H.L. Oldie

H.L. Oldie is the joint pen-name of Oleg Ladyzhensky and Dmitry Gromov.

Oleg Ladyzhensky was born 1963 in Kharkov, Ukraine. In 1980 he enrolled in the Kharkov Institute of Culture as a student of the Theatre Production Department and was graduated from there in 1984. From 1984 to 1999 Ladyzhensky worked as a stage director. He has a Black Belt of the 2nd Dan in Goju Ryu Karate-do and is the Chief Instructor of Goju Ryu Karate school in Kharkov and a full-contact Karate referee, Ukraine.

Dmitry Gromov was born 1963 in Simferopol, Ukraine. In 1969 his family moved to Sevastopol and in 1974 to Kharkov, Ukraine, where Dmitry lives now.
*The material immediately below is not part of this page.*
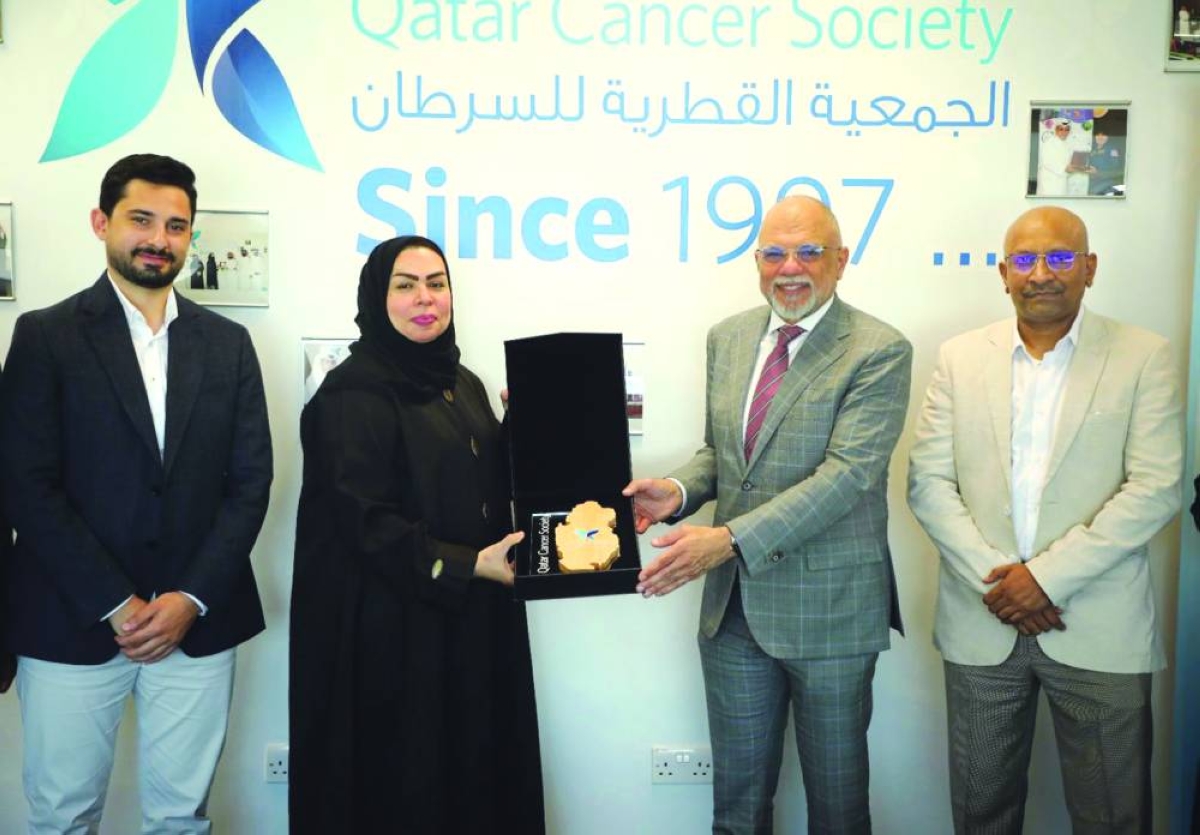 
QCS and FHH officials at the signing ceremony.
In 1980 Dmitry enrolled the Kharkov Polytechnic Institute as a student of the Inorganic Chemistry Department and graduated from there in 1986. Dmitry worked as a chemist at the Scientific-Research Institute of Main Chemistry in Kharkov. 1991 Dmitry obtained his MS in Sciences. Dmitry has a Black Belt of the 1st Dan in Goju Ryu Karate-do.
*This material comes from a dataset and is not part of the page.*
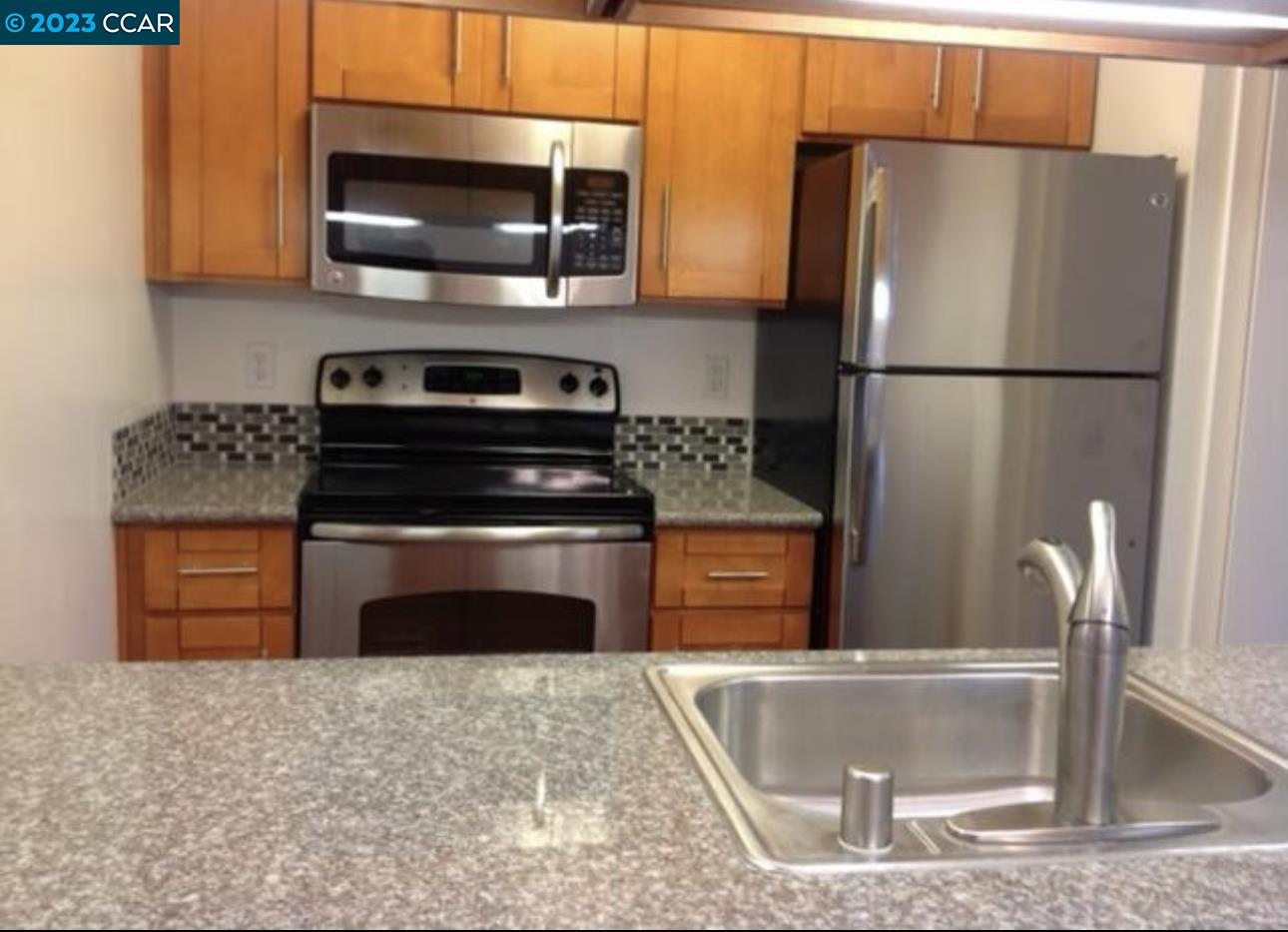 a kitchen with stainless steel appliances granite countertop a stove a refrigerator and a sink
Their most successful and praised series is OIKUMENE often compared with DUNE by Frank Herbert.
Here some reviews:

Cyborg:
In the genre of “space opera” this trilogy is simply obliged to move these living classic authors on a pedestal.
Perhaps this is the best work to date by Oldie. And although the genre is unexpected for them, the book, in my opinion, significantly exceeds, for example, the “Trojan” cycle of Dan Simmons [1. Ilium: 2. Olympos]. Yes, even if it doesn’t surpass – taste is subjective – in any case, this is a book written with talent, love and professionalism. This already completely distinguishes it from the stream of crafts that bronze masters of Russian science fiction are usually producing.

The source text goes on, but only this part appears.